Data segment:
= Beginning of Section =

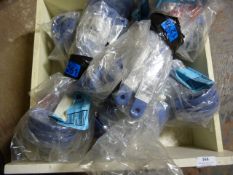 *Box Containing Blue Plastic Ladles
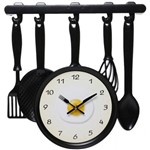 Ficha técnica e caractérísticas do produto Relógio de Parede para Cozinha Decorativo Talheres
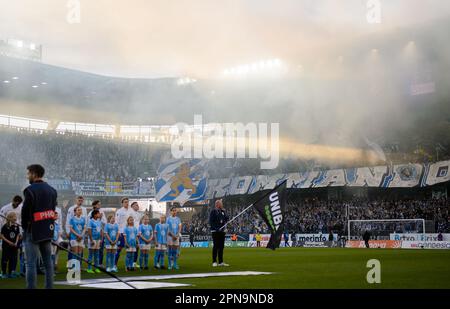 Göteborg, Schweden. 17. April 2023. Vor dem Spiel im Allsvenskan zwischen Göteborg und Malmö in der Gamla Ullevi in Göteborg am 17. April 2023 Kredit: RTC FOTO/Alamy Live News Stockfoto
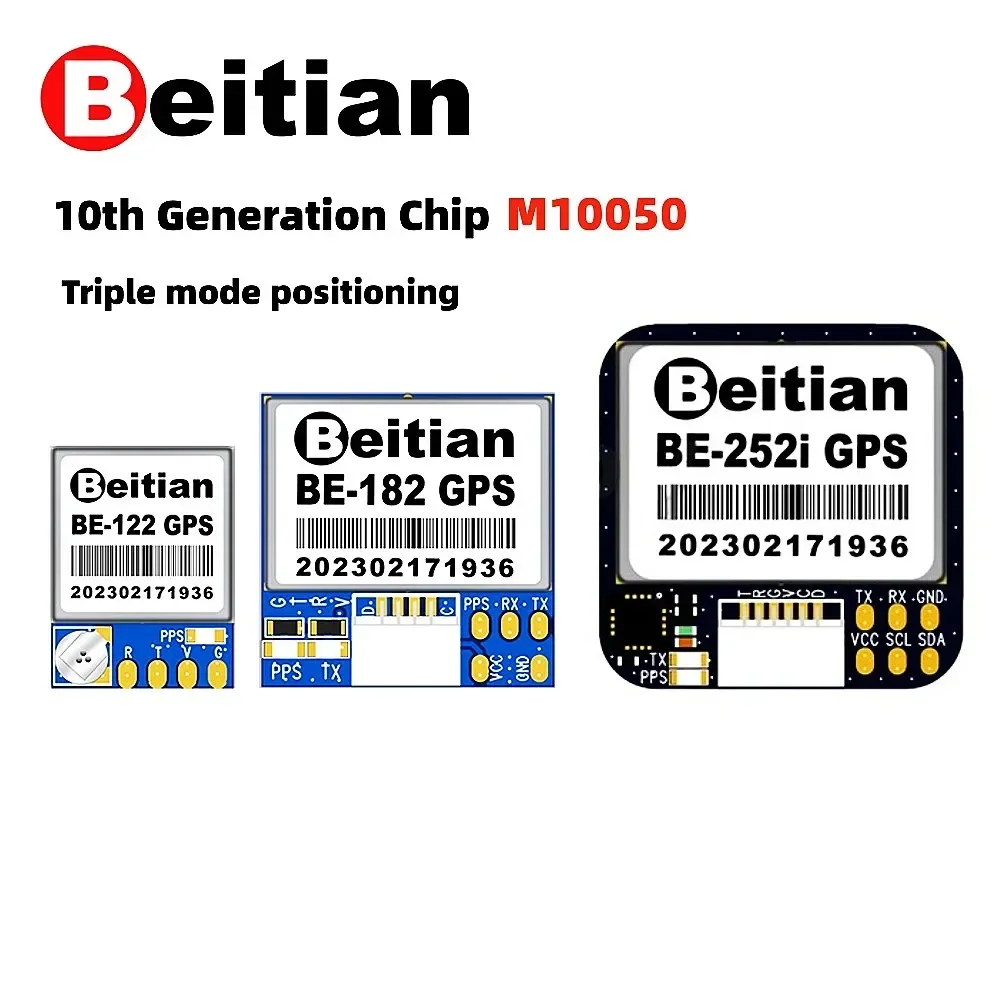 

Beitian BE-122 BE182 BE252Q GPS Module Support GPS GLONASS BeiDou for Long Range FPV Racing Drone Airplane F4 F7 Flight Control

= End of Section =

Reproduce every line above exactly as written, omitting the images.

 *Box Containing Blue Plastic Ladles
 Ficha técnica e caractérísticas do produto Relógio de Parede para Cozinha Decorativo Talheres
 Göteborg, Schweden. 17. April 2023. Vor dem Spiel im Allsvenskan zwischen Göteborg und Malmö in der Gamla Ullevi in Göteborg am 17. April 2023 Kredit: RTC FOTO/Alamy Live News Stockfoto

Beitian BE-122 BE182 BE252Q GPS Module Support GPS GLONASS BeiDou for Long Range FPV Racing Drone Airplane F4 F7 Flight Control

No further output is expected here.